The histogram observation carries trace_id as a Prometheus exemplar so Grafana's Prometheus → Tempo jump works without external join tables. Exemplars are only exposed on the OpenMetrics negotiation path (Accept: application/openmetrics-text) — the /metrics handler advertises both formats and Prometheus 2.5+ scrapes the right one automatically.
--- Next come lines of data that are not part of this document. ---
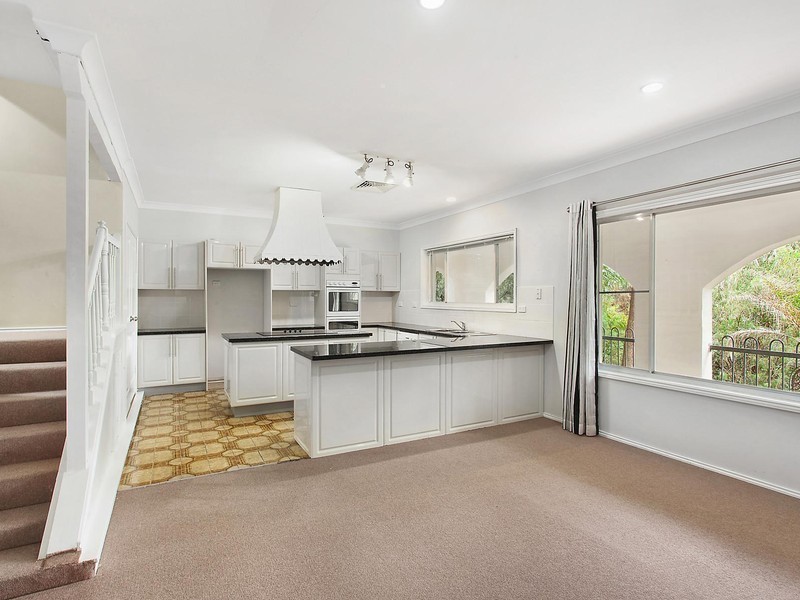 24 Algwen Street, North Gosford NSW 2250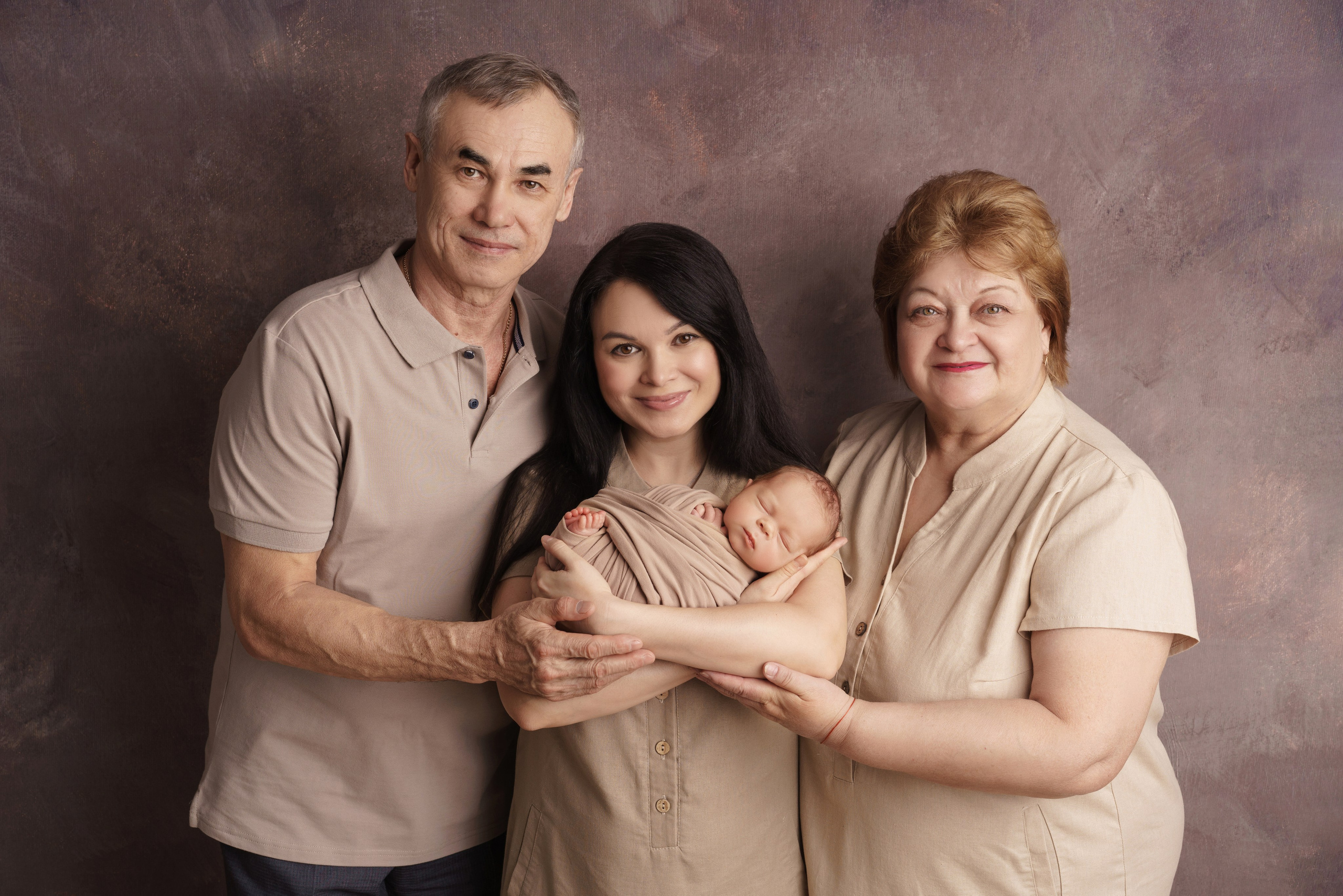 Семейные фотосессии с новорожденными | Трогательные кадры малышей и их близких в Москве и МО. Фотосессия новорожденных в Москве и Московской области | Профессиональный фотограф newborn — Татьяна Иванова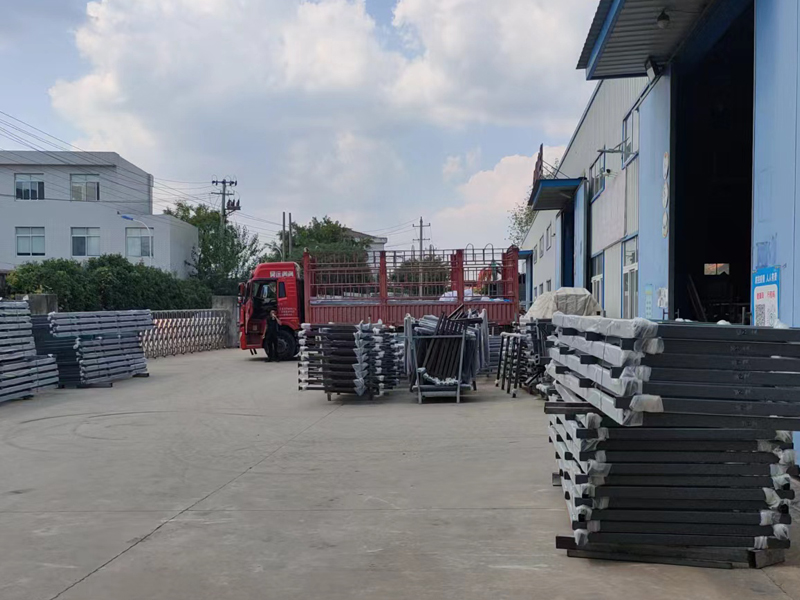 金用護欄2022年9月17日鋅鋼組裝護欄裝車發(fā)貨! 金用護欄2022年9月17日鋅鋼組裝護欄裝車發(fā)貨!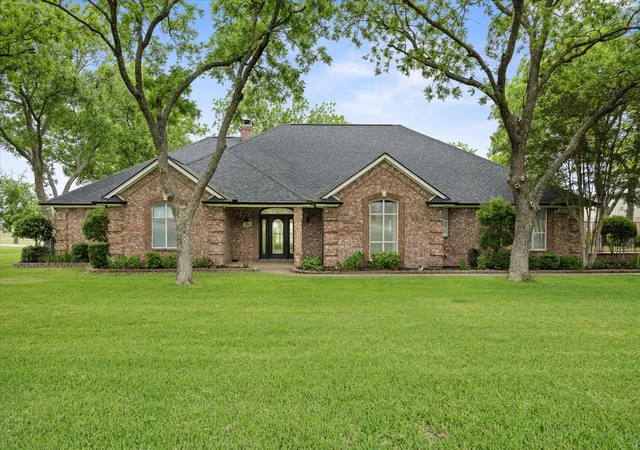 Photo 1 of Single family home for sale at 9616 Air Park Dr, Granbury, TX 76049 | MLS# 21248474 | Listing updated on 2026-07-24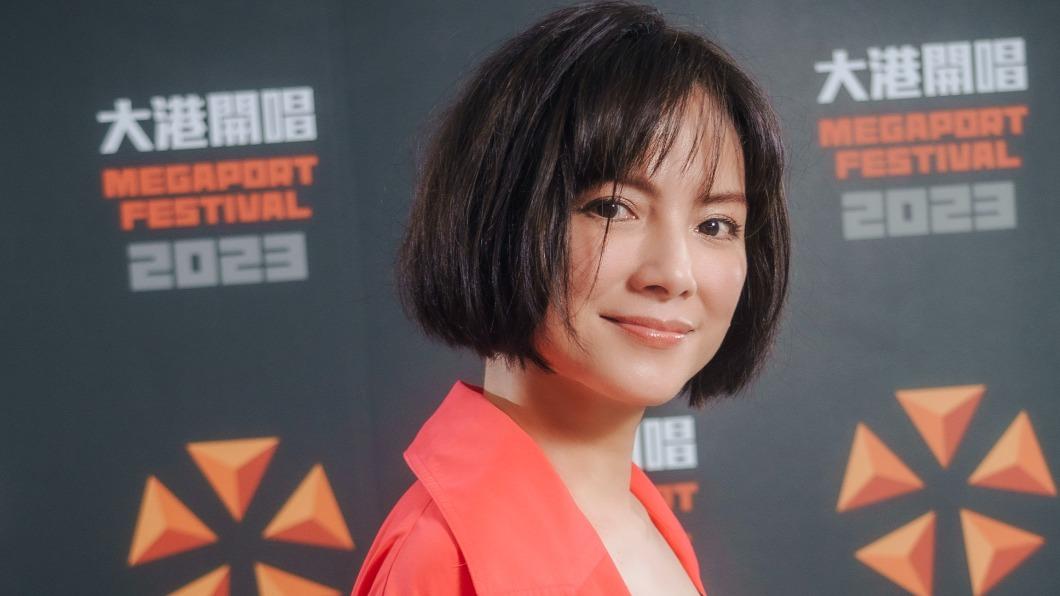 等了20年！李心潔「脫了」辣秀完美身材　加碼宣布好消息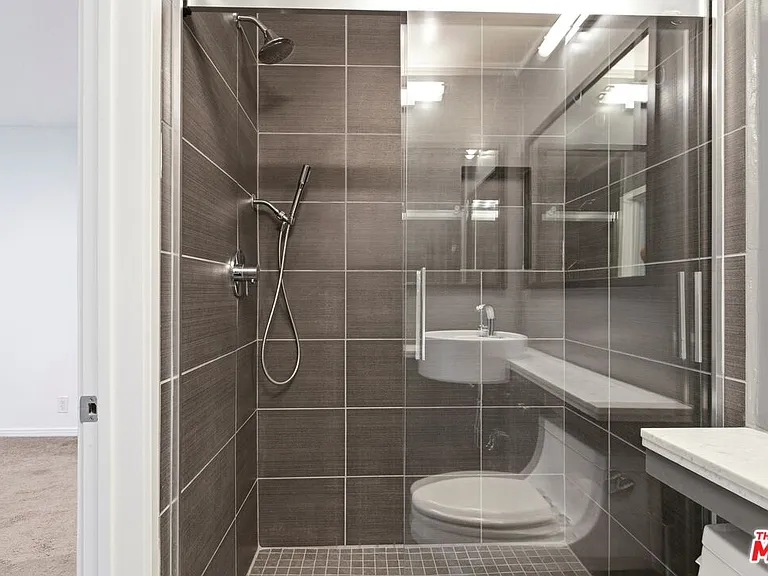 1233 N Laurel Ave #109 — Photo 8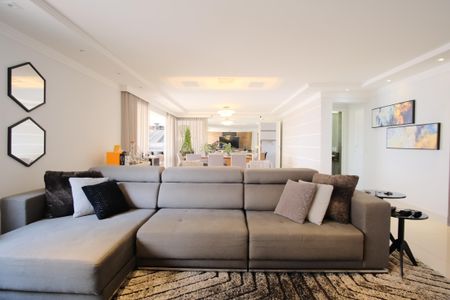 Apartamento à venda com 224m², 4 quartos e 4 vagasSala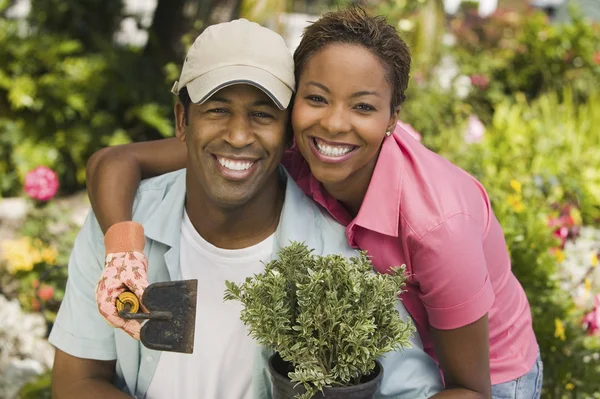 Porträtt Ett Lyckligt Afroamerikanskt Par Trädgårdsarbete Tillsammans — Stockfoto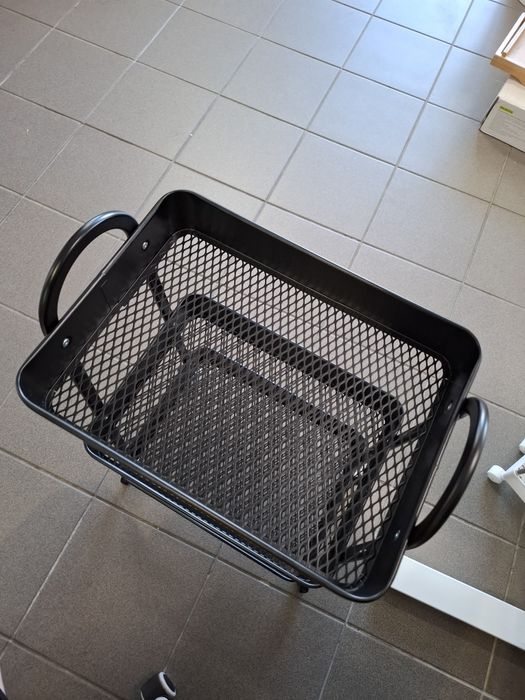 Trzypoziomowy metalowy wózek organizer na kółkach
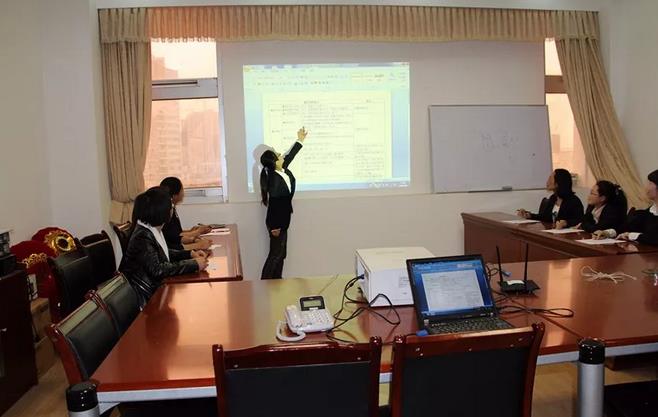 鄧麗娟：走好當(dāng)下，未來總會有曙光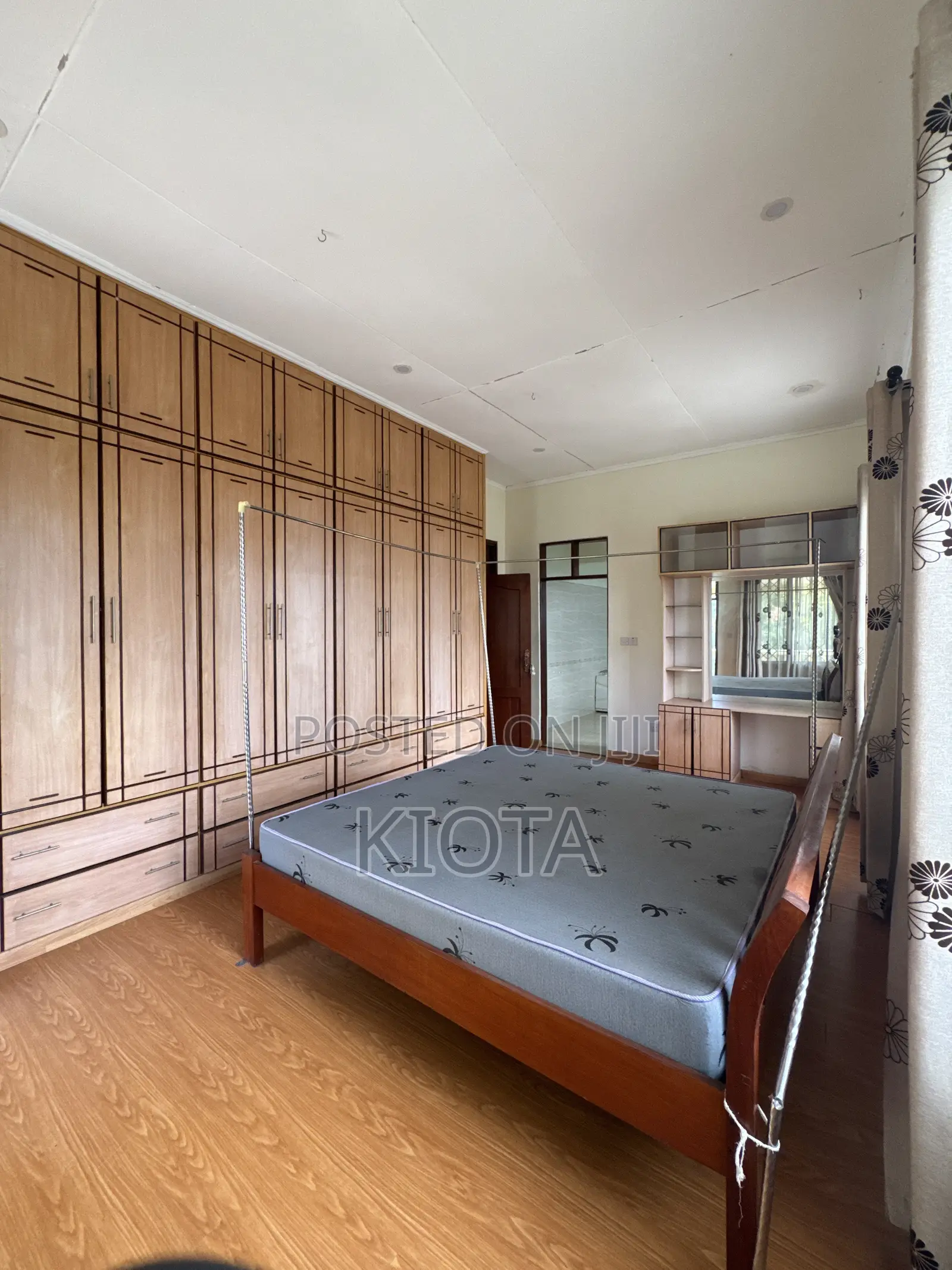 5bdrm House in Goba for sale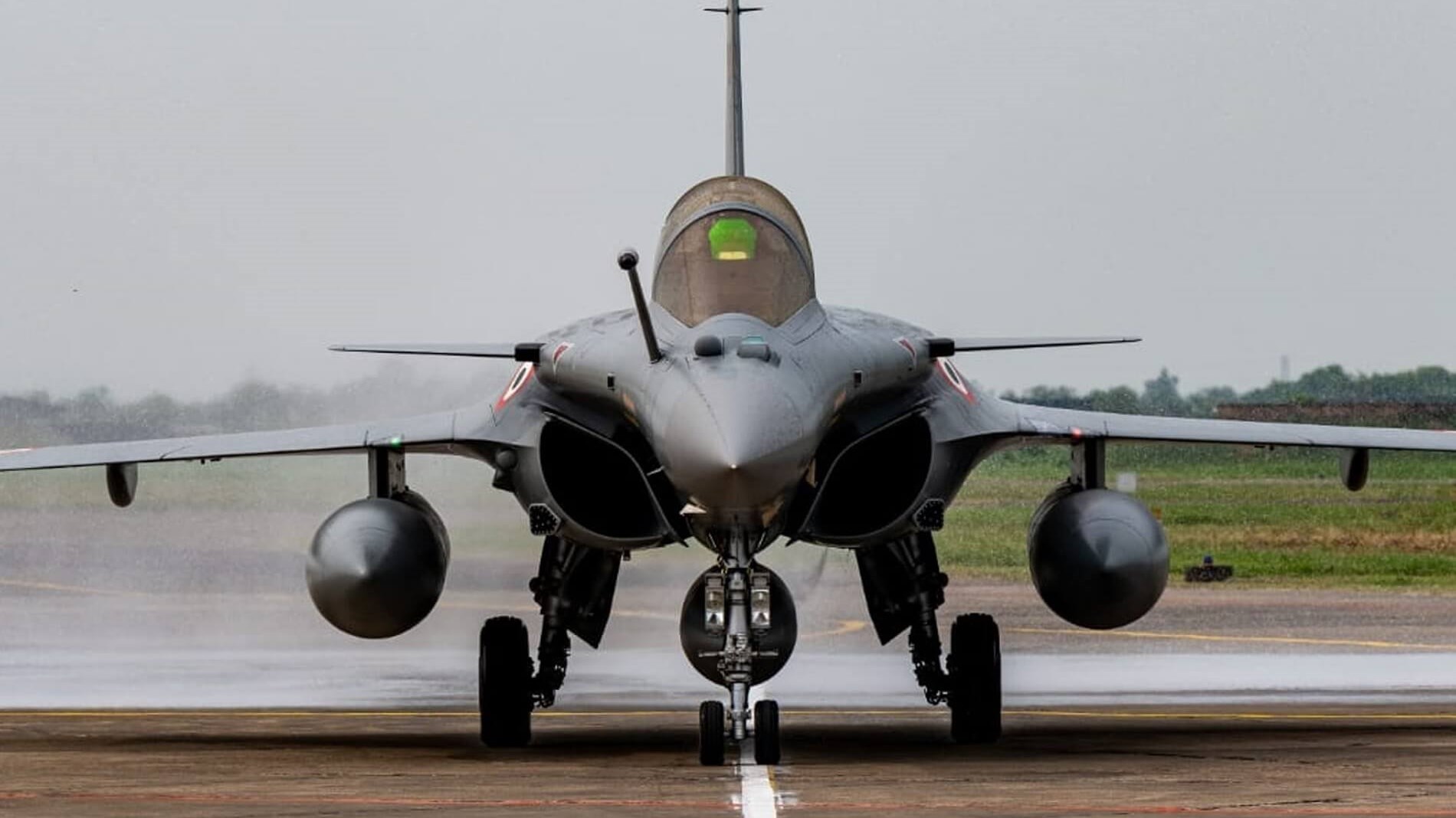 Γαλλία: Η Αίγυπτος θα αγοράσει άλλα 30 μαχητικά Rafale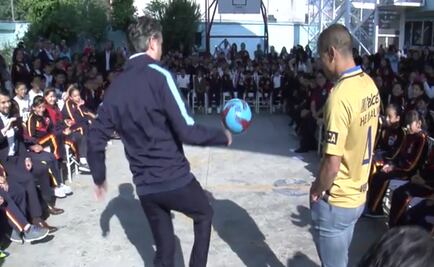 Con "cascarita", promueven Nuño y Darío Verón hacer ejercicio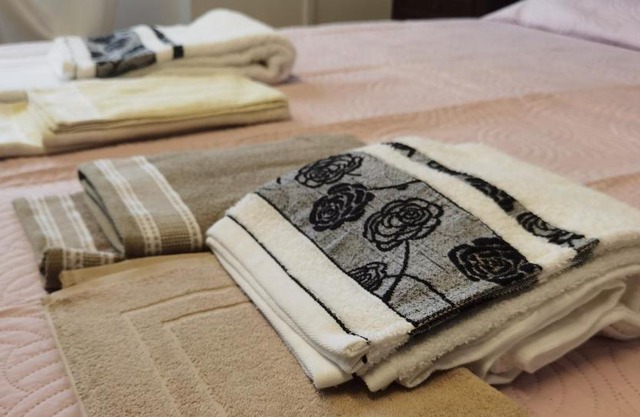 Angela Home - Rooms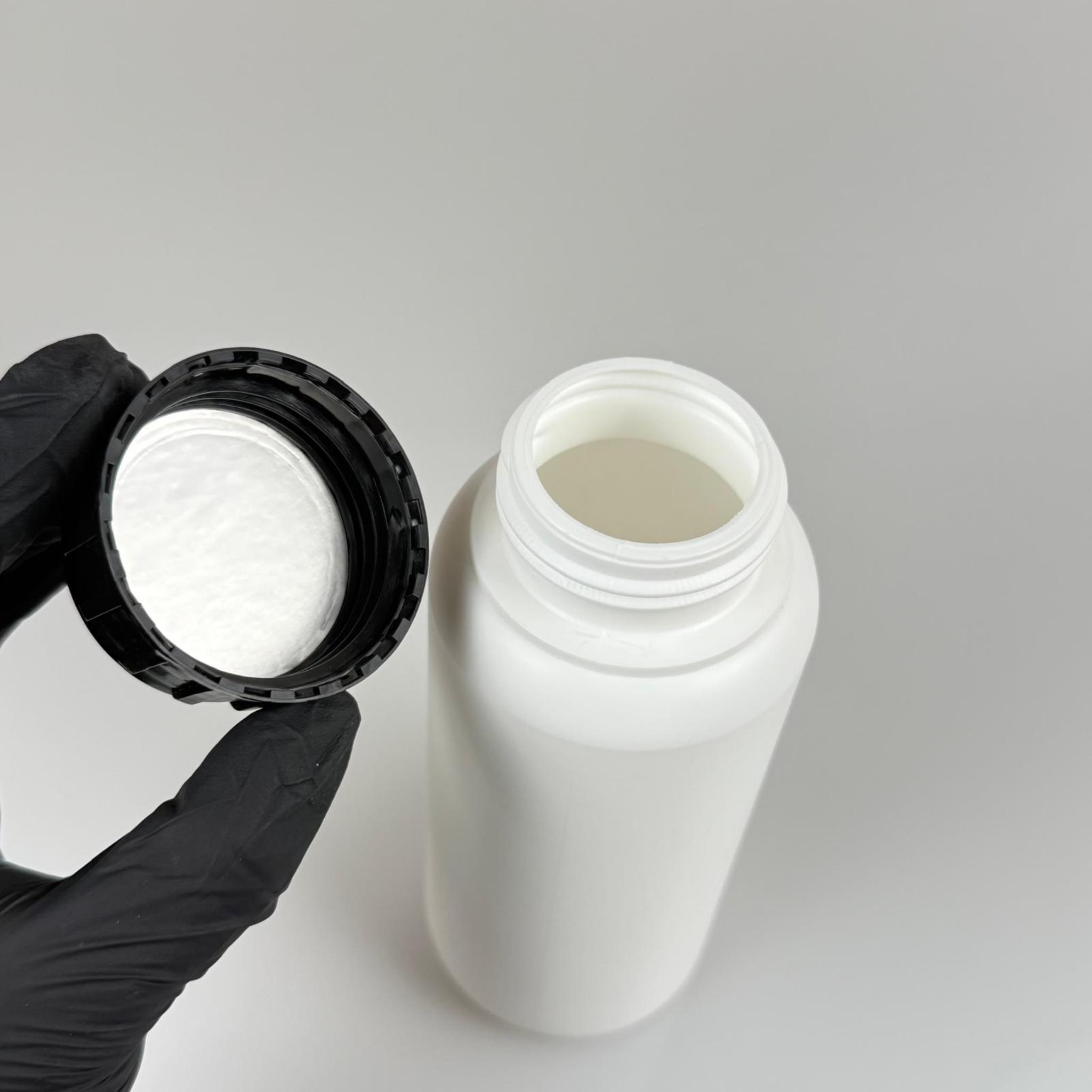 0,5 LT ZİRAİ İLAÇ BİDONU BEYAZ + SİYAH ALÜMİNYUM FOLYOLU İNDİKSİYON CONTA SK50 KAPAK - 500 CC PE POLİETİLEN TARIM BİDON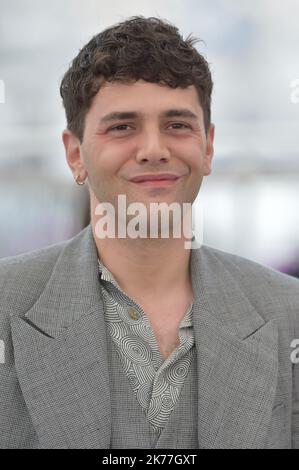 Regisseur Xavier Dolan nimmt an der Fotoschau für Matthias et Maxime Matthias und Maxime während der jährlichen Filmfestspiele von Cannes 72. am 23. Mai 2019 in Cannes, Frankreich, Teil. Stockfoto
Total cardinality upper bound: 4 audiences × ~7 methods × ~200 templates × 6 status classes ≈ 33k series in the worst case. Real-world will stay much lower because most templates only see a handful of methods.

Forbidden labels

The following labels are explicitly banned from Phase-5-and-later metrics without a superseding ADR:

  • tenant_id — high cardinality, principal-identifying, and available on Tempo spans for per-request drill-down. Do not re-surface it as a metric label.
  • user_id — same reasoning.
  • route / path — unbounded (Huma registers dozens of routes per module). Use a route-template shim when request-counting becomes necessary; do not label by raw path.
  • http_status below a bucket — prefer status_class (2xx, 4xx, 5xx) if a status dimension is ever needed.

Principles

  1. Every label must have a bounded domain known at code-review time.
  2. Prefer a tier-level label (tenant_kind, environment) over an instance-level label (tenant_id, user_id).
  3. If you want high-cardinality visibility, use a trace attribute in Tempo, not a Prometheus label. The two systems are complementary.
  4. New labels land in a new ADR, not a PR. Renaming a label is a new ADR. Removing a label is a new ADR. This is load-bearing because recording rules and dashboards depend on the schema.
  5. Zero-observation series are not initialized. /metrics will not emit a family until its first recorded observation. Dashboards must handle no data gracefully; do not preload fake observations.

Consequences

  • Operators accept that per-tenant metric drill-down goes through Tempo, not Prometheus.
  • Adding a new metric is a two-line code change; adding a new label is an ADR.
  • The existing dashboards provisioned by docker-compose.observability.yml are safe to treat as code — regenerating them against a new backend build will never silently drop panels.

Implementation

  • Metric definitions live in backend/pkg/sdk/metrics/metrics.go.
  • Label-schema tests live in backend/pkg/sdk/metrics/metrics_test.go — they fail loudly if a label is renamed or a new label is added without updating the tests.
  • The /metrics handler is registered in backend/cmd/server/main.go behind METRICS_ENABLED=true (default on).

Alternatives considered

  1. Use the OpenTelemetry metrics SDK instead of Prometheus client_golang. Rejected for Phase 5 because OTEL metrics is still maturing and the Prometheus client's promhttp handler is the simplest shippable surface. A future ADR may flip this.
  2. Salted HMAC hash of tenant.id as a label. Rejected: still high cardinality (50k tenants ⇒ 50k series), still principal-identifying under correlation attacks. The cost is real; the benefit is marginal; Tempo covers the use case.
  3. Per-route request counters as the first metric family. Rejected for Phase 5.3 specifically — the cardinality trap is easy to walk into and the three chosen families deliver more tenancy-plan-relevant data. A future sub-phase can add request counters behind a route-template normalization. (Resolved 2026-05-16: ADR-0005 Phase B added orkestra_http_request_duration_seconds using the Chi route template, satisfying the "route-template normalization" requirement.)